Extract images properly
As the updated PDF makes clear the problem is that it does not have any images immediately on the page but it has form xobjects drawn onto it which do contain images. Thus, the image search has to recurse into the form xobjects.
And that is not all: All pages in the updated PDF share the same resources dictionary, they merely pick a different of its form xobjects to display. Thus, one really has to parse the respective page content stream to determine which xobject (with which images) is present on a given page.
Actually this is something the PDFBox tool ExtractImages
does. Unfortunately, though, it does not show the page it found the image in question on, cf. the ExtractImages.java test method testExtractPageImagesTool10948New
.
But we can simply borrow from the technique used by that tool:
PDDocument document = PDDocument.load(resource);
int page = 1;
for (final PDPage pdPage : document.getPages())
{
final int currentPage = page;
PDFGraphicsStreamEngine pdfGraphicsStreamEngine = new PDFGraphicsStreamEngine(pdPage)
{
int index = 0;
@Override
public void drawImage(PDImage pdImage) throws IOException
{
if (pdImage instanceof PDImageXObject)
{
PDImageXObject image = (PDImageXObject)pdImage;
File file = new File(RESULT_FOLDER, String.format("10948-new-engine-%s-%s.%s", currentPage, index, image.getSuffix()));
ImageIOUtil.writeImage(image.getImage(), image.getSuffix(), new FileOutputStream(file));
index++;
}
}
@Override
public void appendRectangle(Point2D p0, Point2D p1, Point2D p2, Point2D p3) throws IOException { }
@Override
public void clip(int windingRule) throws IOException { }
@Override
public void moveTo(float x, float y) throws IOException { }
@Override
public void lineTo(float x, float y) throws IOException { }
@Override
public void curveTo(float x1, float y1, float x2, float y2, float x3, float y3) throws IOException { }
@Override
public Point2D getCurrentPoint() throws IOException { return null; }
@Override
public void closePath() throws IOException { }
@Override
public void endPath() throws IOException { }
@Override
public void strokePath() throws IOException { }
@Override
public void fillPath(int windingRule) throws IOException { }
@Override
public void fillAndStrokePath(int windingRule) throws IOException { }
@Override
public void shadingFill(COSName shadingName) throws IOException { }
};
pdfGraphicsStreamEngine.processPage(pdPage);
page++;
}
(ExtractImages.java test method testExtractPageImages10948New
)
This code outputs images with file names "10948-new-engine-1-0.tiff", "10948-new-engine-2-0.tiff", "10948-new-engine-3-0.tiff", and "10948-new-engine-4-0.tiff", i.e. one per page.
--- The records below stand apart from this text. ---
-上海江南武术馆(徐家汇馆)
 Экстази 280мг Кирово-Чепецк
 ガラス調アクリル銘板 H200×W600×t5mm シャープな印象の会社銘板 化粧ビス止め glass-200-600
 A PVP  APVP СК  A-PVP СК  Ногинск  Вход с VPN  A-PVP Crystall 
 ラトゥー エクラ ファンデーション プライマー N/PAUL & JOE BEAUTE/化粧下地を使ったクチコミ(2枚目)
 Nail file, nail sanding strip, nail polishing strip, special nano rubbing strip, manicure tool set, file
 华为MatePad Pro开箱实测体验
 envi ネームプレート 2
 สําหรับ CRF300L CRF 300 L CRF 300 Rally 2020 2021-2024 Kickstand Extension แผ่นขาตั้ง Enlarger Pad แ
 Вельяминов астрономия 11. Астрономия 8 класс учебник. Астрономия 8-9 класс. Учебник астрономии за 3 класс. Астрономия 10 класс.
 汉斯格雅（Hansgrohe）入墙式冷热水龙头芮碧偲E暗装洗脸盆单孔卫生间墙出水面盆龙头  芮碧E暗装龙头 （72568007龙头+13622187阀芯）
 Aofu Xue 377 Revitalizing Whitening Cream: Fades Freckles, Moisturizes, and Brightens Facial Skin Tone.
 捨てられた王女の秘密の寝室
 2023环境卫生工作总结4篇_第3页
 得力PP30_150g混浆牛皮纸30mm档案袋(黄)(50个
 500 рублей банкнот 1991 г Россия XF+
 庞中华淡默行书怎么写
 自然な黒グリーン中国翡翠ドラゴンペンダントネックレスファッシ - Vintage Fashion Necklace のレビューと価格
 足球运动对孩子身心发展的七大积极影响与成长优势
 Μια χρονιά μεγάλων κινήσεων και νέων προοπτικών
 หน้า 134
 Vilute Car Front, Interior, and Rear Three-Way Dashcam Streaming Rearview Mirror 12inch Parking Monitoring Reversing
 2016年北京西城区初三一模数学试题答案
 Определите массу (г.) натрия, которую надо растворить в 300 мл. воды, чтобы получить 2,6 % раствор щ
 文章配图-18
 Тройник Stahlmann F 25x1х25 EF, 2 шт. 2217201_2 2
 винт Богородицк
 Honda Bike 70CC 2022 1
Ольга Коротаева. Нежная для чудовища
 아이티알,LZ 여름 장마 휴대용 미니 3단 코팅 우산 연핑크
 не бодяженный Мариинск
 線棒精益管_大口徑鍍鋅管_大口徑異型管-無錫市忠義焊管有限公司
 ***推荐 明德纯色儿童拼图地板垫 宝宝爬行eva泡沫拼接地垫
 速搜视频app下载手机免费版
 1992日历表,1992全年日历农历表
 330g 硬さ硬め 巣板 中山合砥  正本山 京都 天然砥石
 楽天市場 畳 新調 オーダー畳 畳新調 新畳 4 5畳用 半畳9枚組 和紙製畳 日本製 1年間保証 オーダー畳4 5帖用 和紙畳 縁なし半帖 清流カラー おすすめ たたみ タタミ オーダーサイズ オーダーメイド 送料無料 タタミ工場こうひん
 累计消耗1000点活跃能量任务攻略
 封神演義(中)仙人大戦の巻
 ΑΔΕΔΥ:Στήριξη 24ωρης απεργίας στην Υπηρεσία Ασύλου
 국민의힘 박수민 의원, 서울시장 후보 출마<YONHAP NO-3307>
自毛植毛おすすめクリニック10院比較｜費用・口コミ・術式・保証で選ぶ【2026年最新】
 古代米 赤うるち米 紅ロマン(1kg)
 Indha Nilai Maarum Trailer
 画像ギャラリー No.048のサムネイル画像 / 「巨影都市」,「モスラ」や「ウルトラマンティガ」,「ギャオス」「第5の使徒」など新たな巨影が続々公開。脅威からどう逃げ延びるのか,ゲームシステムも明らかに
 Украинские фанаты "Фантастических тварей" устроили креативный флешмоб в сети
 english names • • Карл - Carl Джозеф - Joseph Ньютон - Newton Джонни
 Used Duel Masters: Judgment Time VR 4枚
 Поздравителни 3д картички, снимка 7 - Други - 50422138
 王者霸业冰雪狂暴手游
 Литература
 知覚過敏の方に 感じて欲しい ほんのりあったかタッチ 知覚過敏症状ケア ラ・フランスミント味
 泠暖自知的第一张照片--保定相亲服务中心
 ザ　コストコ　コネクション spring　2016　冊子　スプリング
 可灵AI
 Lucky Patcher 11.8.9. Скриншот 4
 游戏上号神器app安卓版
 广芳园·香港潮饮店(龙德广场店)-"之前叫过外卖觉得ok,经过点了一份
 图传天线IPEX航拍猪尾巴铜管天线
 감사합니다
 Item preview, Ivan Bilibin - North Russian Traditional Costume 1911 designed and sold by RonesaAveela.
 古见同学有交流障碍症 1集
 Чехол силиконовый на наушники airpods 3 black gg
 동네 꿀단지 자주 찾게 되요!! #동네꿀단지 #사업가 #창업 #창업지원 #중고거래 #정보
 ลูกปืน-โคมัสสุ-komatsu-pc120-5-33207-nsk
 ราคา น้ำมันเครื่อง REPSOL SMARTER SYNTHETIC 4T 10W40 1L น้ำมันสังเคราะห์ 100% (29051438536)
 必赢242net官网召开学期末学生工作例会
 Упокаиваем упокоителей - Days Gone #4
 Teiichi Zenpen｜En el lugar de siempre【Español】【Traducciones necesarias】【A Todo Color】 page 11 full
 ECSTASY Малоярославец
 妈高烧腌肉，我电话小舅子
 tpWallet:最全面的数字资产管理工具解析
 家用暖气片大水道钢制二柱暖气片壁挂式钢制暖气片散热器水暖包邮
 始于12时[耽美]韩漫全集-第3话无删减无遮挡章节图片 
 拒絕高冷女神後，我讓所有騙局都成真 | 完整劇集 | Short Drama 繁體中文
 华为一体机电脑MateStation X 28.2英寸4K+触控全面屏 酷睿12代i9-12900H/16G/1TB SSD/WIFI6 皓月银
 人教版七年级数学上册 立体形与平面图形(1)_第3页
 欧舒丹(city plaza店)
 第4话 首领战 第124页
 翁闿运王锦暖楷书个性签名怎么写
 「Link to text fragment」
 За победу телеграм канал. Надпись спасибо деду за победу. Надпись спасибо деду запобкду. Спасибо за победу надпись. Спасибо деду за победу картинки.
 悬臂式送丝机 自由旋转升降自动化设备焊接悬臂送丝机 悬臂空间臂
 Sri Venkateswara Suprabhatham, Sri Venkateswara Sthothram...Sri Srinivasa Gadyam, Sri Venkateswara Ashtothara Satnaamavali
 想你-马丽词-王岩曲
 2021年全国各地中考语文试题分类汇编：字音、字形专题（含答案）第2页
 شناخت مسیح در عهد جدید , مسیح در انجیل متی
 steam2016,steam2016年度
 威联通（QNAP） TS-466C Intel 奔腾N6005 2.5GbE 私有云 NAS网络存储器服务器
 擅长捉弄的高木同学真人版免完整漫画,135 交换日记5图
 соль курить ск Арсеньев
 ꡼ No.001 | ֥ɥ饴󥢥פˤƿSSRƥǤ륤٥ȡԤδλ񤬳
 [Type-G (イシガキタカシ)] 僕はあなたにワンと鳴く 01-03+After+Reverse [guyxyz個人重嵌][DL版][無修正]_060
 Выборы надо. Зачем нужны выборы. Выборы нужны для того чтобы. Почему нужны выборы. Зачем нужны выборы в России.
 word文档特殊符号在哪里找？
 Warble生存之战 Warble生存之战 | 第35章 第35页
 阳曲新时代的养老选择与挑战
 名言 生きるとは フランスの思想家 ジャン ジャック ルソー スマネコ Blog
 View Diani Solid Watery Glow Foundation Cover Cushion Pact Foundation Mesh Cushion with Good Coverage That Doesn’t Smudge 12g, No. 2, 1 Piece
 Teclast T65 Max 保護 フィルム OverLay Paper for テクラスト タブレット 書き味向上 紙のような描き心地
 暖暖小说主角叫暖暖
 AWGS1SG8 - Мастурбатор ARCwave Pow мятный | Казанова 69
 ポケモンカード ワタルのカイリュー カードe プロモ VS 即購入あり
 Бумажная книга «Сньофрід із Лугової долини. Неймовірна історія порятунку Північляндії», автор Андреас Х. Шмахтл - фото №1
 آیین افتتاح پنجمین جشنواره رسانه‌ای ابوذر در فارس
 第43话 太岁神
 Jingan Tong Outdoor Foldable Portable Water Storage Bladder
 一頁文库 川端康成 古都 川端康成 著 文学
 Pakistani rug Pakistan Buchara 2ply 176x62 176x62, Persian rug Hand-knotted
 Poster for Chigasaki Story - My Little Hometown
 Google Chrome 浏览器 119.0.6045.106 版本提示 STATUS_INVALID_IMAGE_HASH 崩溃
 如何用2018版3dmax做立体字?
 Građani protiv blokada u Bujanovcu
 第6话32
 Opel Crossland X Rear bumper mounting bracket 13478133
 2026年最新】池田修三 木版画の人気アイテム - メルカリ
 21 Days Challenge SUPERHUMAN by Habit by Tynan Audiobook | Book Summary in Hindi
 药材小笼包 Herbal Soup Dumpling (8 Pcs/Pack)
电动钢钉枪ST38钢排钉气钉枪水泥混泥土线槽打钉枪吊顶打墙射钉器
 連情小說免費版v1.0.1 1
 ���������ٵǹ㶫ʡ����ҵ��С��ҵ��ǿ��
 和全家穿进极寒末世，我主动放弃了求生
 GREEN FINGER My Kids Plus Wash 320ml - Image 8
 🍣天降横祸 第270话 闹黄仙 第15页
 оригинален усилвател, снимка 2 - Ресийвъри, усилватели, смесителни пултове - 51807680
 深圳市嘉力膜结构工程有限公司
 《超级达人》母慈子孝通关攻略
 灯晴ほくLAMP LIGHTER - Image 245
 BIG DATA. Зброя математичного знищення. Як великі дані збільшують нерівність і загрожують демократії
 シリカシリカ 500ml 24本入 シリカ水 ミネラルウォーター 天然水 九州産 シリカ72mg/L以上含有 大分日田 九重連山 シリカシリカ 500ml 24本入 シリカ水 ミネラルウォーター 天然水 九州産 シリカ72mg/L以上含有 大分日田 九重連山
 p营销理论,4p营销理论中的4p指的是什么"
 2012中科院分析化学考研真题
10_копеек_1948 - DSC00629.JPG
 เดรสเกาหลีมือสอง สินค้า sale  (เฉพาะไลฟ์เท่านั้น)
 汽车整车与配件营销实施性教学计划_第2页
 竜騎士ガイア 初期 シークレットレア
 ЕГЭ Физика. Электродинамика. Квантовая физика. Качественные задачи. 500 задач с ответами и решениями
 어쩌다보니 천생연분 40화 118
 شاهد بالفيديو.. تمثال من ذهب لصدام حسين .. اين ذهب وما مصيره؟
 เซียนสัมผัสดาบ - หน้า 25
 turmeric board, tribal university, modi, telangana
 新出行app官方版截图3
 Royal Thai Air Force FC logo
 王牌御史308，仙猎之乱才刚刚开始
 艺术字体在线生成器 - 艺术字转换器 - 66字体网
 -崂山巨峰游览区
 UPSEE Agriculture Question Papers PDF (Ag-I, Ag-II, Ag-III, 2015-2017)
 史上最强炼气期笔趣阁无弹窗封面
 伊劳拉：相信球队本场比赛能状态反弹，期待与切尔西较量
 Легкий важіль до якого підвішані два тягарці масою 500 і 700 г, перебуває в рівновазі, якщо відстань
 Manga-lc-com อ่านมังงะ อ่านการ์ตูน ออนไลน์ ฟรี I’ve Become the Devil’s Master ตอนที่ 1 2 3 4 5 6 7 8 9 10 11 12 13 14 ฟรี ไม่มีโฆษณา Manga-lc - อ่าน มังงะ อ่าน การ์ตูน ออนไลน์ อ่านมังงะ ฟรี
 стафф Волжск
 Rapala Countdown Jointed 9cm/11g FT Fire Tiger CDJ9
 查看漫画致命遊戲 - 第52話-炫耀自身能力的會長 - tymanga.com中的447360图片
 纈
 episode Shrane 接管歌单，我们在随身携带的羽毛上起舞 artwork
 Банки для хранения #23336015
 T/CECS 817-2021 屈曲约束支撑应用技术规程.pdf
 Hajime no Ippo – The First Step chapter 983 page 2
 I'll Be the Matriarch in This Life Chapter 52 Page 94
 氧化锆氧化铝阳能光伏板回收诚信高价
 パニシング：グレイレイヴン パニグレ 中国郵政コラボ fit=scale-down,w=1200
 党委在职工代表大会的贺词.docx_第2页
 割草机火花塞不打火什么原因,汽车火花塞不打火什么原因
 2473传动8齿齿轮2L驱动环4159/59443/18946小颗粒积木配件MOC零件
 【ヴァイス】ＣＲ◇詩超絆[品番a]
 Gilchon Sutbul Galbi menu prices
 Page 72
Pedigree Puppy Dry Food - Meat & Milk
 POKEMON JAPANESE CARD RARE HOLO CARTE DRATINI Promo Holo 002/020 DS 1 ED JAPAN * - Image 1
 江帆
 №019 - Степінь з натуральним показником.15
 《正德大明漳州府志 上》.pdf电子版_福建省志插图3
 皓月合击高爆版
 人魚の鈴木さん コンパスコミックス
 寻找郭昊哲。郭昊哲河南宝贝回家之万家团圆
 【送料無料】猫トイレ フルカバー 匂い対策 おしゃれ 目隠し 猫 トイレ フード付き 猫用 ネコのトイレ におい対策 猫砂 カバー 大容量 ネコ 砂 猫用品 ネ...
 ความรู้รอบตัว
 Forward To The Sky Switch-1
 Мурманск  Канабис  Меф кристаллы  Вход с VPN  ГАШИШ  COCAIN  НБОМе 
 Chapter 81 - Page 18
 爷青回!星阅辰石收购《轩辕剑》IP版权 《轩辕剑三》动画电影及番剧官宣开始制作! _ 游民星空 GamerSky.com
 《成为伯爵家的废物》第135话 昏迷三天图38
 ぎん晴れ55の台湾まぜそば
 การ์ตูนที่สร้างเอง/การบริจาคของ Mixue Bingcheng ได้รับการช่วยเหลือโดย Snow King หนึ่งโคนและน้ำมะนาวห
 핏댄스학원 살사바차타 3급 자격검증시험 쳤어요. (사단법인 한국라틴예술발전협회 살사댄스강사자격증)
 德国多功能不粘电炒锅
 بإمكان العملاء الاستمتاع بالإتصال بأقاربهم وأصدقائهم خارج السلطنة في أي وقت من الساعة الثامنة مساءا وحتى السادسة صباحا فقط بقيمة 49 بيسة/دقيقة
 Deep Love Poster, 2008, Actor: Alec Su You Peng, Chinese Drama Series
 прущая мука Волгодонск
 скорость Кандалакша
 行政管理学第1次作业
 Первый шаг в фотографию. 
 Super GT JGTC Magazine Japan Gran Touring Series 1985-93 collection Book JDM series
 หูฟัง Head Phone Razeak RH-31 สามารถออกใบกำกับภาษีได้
PS: Please remember to include com.github.jai-imageio:jai-imageio-core
in your classpath, it is required for TIFF output.
Flipped images
Another issue of the OP was that the images sometimes appear flipped upside-down, e.g. in case of his now newest sample file "t1_edited.pdf". The reason is that those images indeed are stored upside-down as image resources in the PDF.
When those images are drawn onto a page, the current transformation matrix in effect at that time mirrors the image drawn vertically and so creates the expected appearance.
By slightly enhancing the drawImage
implementation in the code above, one can include indicators of such flips in the names of the exported images:
public void drawImage(PDImage pdImage) throws IOException
{
if (pdImage instanceof PDImageXObject)
{
Matrix ctm = getGraphicsState().getCurrentTransformationMatrix();
String flips = "";
if (ctm.getScaleX() < 0)
flips += "h";
if (ctm.getScaleY() < 0)
flips += "v";
if (flips.length() > 0)
flips = "-" + flips;
PDImageXObject image = (PDImageXObject)pdImage;
File file = new File(RESULT_FOLDER, String.format("t1_edited-engine-%s-%s%s.%s", currentPage, index, flips, image.getSuffix()));
ImageIOUtil.writeImage(image.getImage(), image.getSuffix(), new FileOutputStream(file));
index++;
}
}
Now vertically or horizontally flipped images are marked accordingly.